In a chapter entitled "Social Problems in the Forest", written in the summer of 1914, the doctor-philosopher addresses the "labour problem" in the French colony. His observations are worth quoting and reflecting on. They highlight themes that seem very relevant to our world as it lurches from one economic convulsion to another, and as growing numbers of people ask fundamental questions about the economic system we have come to regard as normal.
The doctor introduces the "problem" as it presents itself to the European:
"People imagine in Europe that as many labourers as are wanted can always be found among the savages, and secured for very small wages. The real fact is the very opposite."
Schweitzer's frequent use of the term "savages" may be jarring to modern readers, but it is worth seeing beyond the crudeness of language to the wider points he is making.
"This [lack of labourers] comes from their laziness, people say; but is the negro really so lazy? Must we go a little deeper into the problem?"
After describing the strenuous efforts of native villagers in clearing virgin forest in order to create plantations for bananas and manioc (a root staple) and their ability to row the Ogowe River and its tributaries for up to thirty-six hours without a break, Schweitzer concludes that,
"I can no longer talk ingenuously of the laziness of the negro."
What, then, can explain the apparent difficulties that the white colonists have in obtaining paid labour from the black native population? Schweitzer offers the opinion that,
"The negro, under certain circumstances works well, but - only so long as circumstances require it. The child of nature - here is the answer to the puzzle - is always a casual worker."

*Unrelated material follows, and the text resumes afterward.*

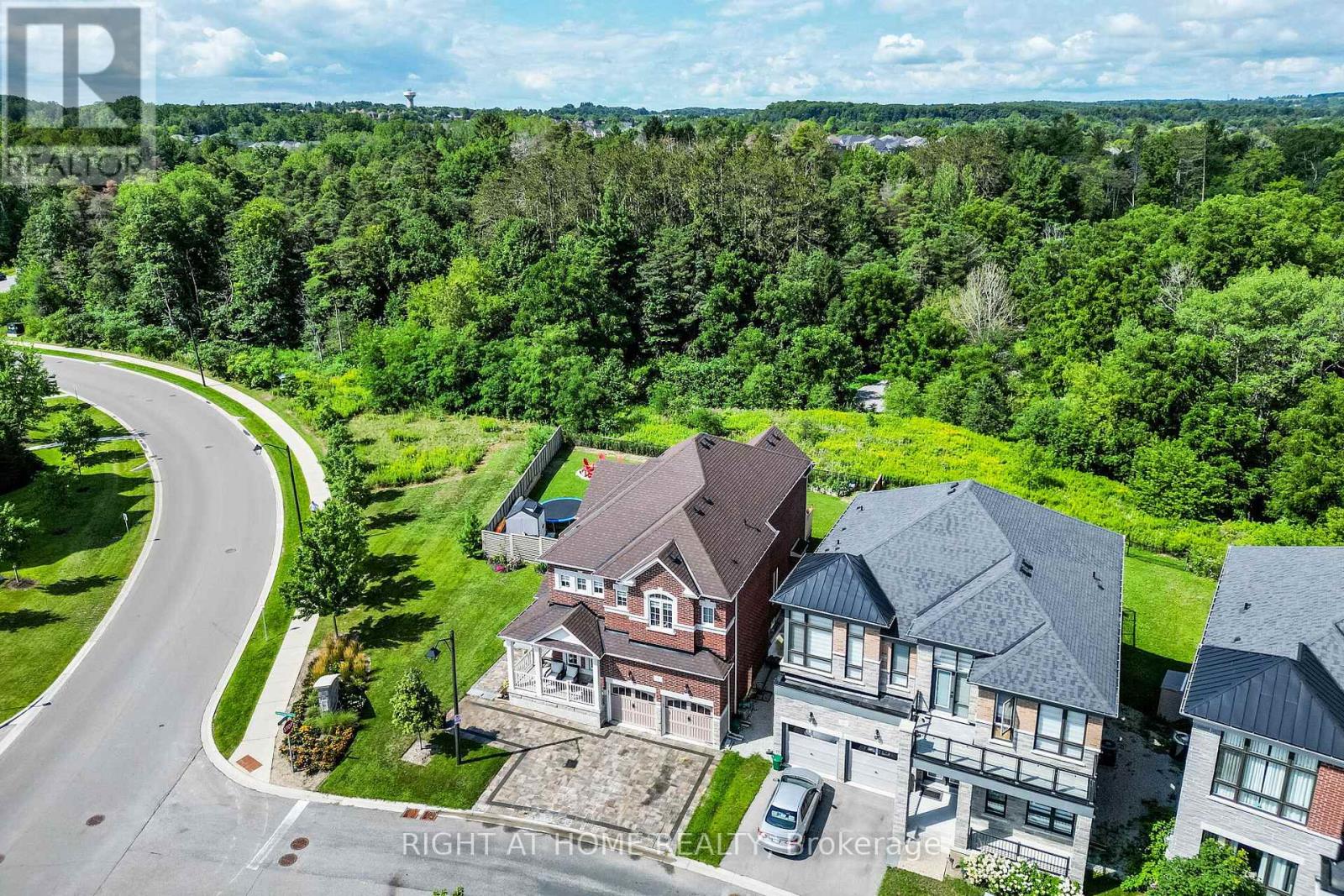 2 COTTONWOOD HOLLOW COURT, Aurora, Ontario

European attitudes towards "the African" during the 19th and early 20th centuries ranged from a view of the natives as "uncivilised savages" to a belief that they were "natural" or "free men." This latter view was expressed for instance by fellow Frenchman Paul Gaugin, particularly in his Primitivist phase of painting. Schweitzer, as have already seen, seems to oscillate between the two views of the Africans as savages and as children of nature.
Continuing with this latter theme, Schweitzer notes that,
"In return for very little work, nature supplies the native with nearly everything that he requires for his support in his village. The forest gives him wood, bamboos, raffia leaves. and bast for the building of a hut....He has only to plant some bananas and manioc, to do a little fishing and shooting, in order to have by him all that he really needs, without having to hire himself out as a labourer and to earn regular wages."
The local tribesmen will hire themselves out only to raise money for a specific and particular object - some sugar, tobacco, an axe or a dowry to pay in return for obtaining a wife.
"If he has no definite object in view for which to earn money he stays in his village."
Schweitzer's conclusion from this approach to labour is interesting:
"The negro, then, is not idle, but he is a free man; hence he is always a casual worker."
This casual approach to paid labour - that it is to be engaged in only as necessary to purchase specific items above and beyond the daily necessities of food and shelter - inevitability found itself in conflict with the economic aims of the French colonists, whose primary concern was in felling and exporting the jungle's rich supply of quality hardwoods for transportation and sale to European markets.
"There is, therefore, a serious conflict between the needs of trade and the fact that the child of nature is a free man."
The colonists therefore have to think about how to convince the natives to work for them. The strategy of the State and its commercial allies is summarised thus:
"Create in him as many needs as possible; only so can the utmost possible be got out of him."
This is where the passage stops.